No CRITICAL issues → proceed to Phase 3
CRITICAL issues found → fix them, then re-submit for review (max 2 rounds)
Codex MCP unavailable → skip silently, proceed to Phase 3 (graceful degradation)

Phase 3: Sanity Check (if SANITY_FIRST = true)

Before deploying the full experiment suite, run the sanity-stage experiment:

/run-experiment [sanity experiment command]

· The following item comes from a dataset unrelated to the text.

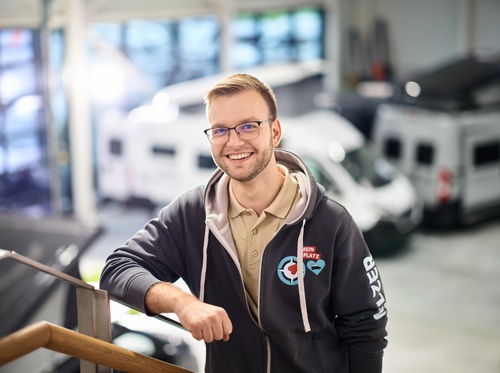 Daniel Scherbakow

Wait for completion. Verify:

Training loop runs without errors
Metrics are computed and saved correctly
GPU memory usage is within bounds
Output format matches expectations

If sanity fails → fix the code, re-run. Do not proceed to full deployment with broken code.

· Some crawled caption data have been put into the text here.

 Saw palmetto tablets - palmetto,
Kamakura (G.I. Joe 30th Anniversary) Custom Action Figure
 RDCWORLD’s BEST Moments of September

Phase 4: Deploy Full Experiments

Deploy experiments following the plan's milestone order:

/run-experiment [experiment commands]

For each milestone:

Deploy experiments in parallel (up to MAX_PARALLEL_RUNS)
Use /monitor-experiment to track progress
Collect results as experiments complete

🚦 Checkpoint (if AUTO_DEPLOY = false):

🔧 Code implementation complete. Ready to deploy:

Milestone 0 (sanity): [status — passed/pending]
Milestone 1 (baseline): [N experiments, ~X GPU-hours]
Milestone 2 (main method): [N experiments, ~X GPU-hours]
Milestone 3 (ablations): [N experiments, ~X GPU-hours]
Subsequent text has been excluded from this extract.